There's been some talk about Boost recently in the n.g. (here and in 
comp.lang.c++) about if what Boost does is really worth it, or if it's 
just a lot of show-how-clever-I-am falderol. The general idea among the 
Boost people is that if there's any way possible it could be done in a 
library, rather than the core, then that's the way it should be done.

I don't agree with that idea. I think Boost stretches C++ past the 
breaking point, and rather than showing how powerful C++ is, shows 
instead that the C++ core lacks power. Some of the shortcoming 
workarounds in Boost are just incredible, in the dogged persistence of 
their inventors to somehow make them work. Even so, the Boost results 
still wind up with serious holes in them.
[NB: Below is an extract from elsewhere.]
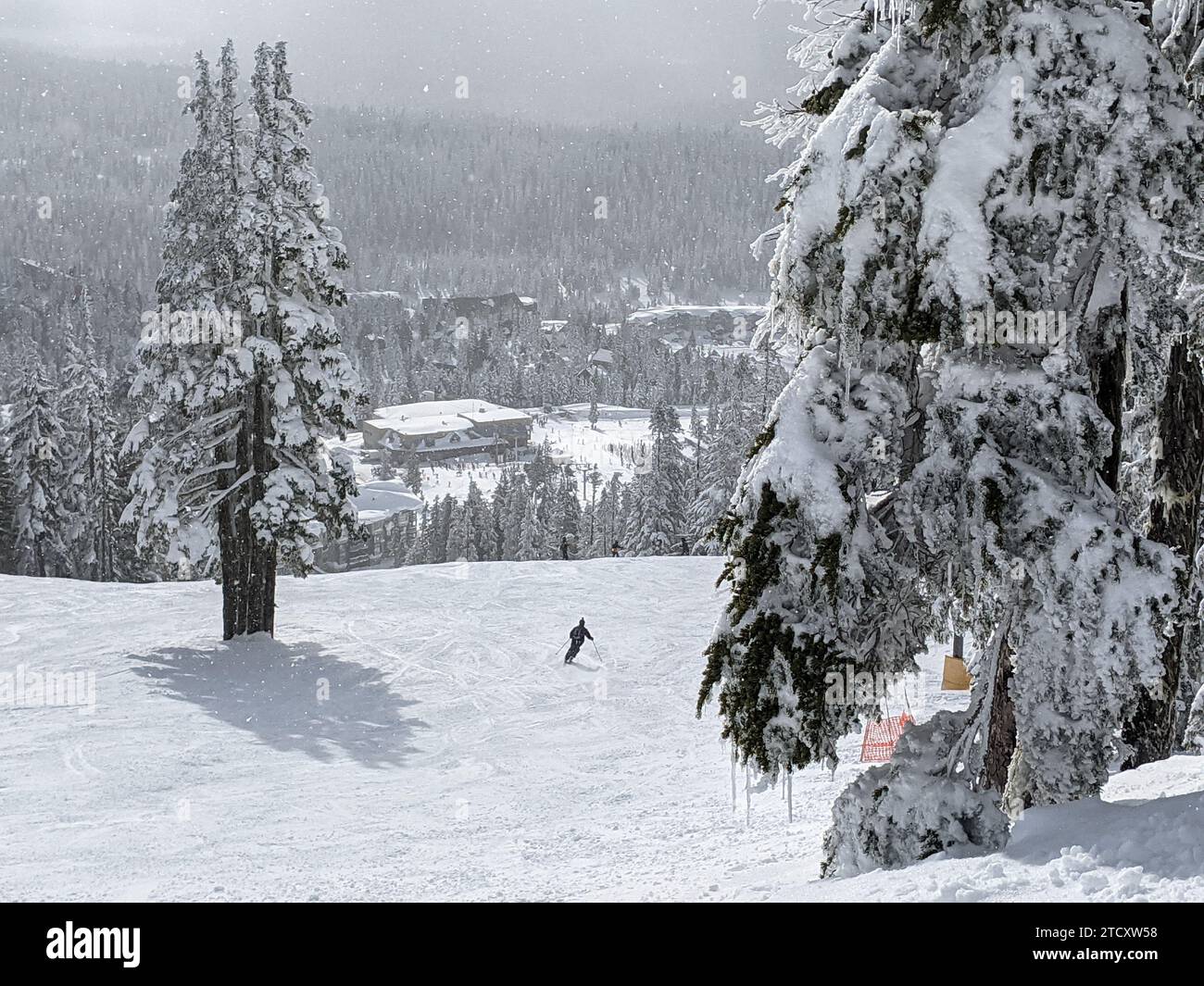 Vue imprenable sur le skieur descendant de la colline à Mount Washington Colombie-Britannique, Canada. Banque D'Images Vue imprenable sur le skieur descendant de la colline à Mount Washington Colombie-Britannique, Canada. Banque D'Images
If some crucial features are added to the core language, then much of 
Boost either becomes irrelevant, or at least becomes far simpler and 
straightforward to implement.

So let's take a simple example, not from Boost, but from its earlier 
incarnation STL. STL has an algorithms section, and one of those is 
for_each. A glaring shortcoming of for_each is you have to supply a 
function pointer to it - you cannot just supply a statement in { }. With 
foreach as a supported core language statement, it can be made to work 
in the general case, and it can be made to generate relevant error 
messages when used incorrectly. foreach is so darned useful, it seems a 
shame to have to do it with clumsy, limited hacks like std::for_each.

STL generalizes iteration across a collection using a special iterator 
type. One needs to be created for each collection class. The iterators 
are then used in the implementation of STL algorithms. There are 3 kinds 
of iterators: forward, reverse, and random access. There's a serious 
problem with iterators, though - they require the collection to be 
accessible in a serialized way, when many data structures (such as 
binary trees) are not easily traversed that way (recursive descent for 
them).

So I've been interested in having D algorithms and collections not need 
iterator types at all. I've been experimenting with doing STL's 
algorithms in D, and it became clear that to make them complete, reverse 
iteration was necessary. foreach handles forward iteration, and opIndex 
handles random access. Various ways of doing reverse traversal without 
core support always seemed to involve creating dummy classes and other 
hackish stuff. Promoting it to a supported statement makes it pretty 
clean for the user to understand and use.

Essentially, I think foreach_reverse is the missing piece to be able to 
implement all of STL's algorithms code for D.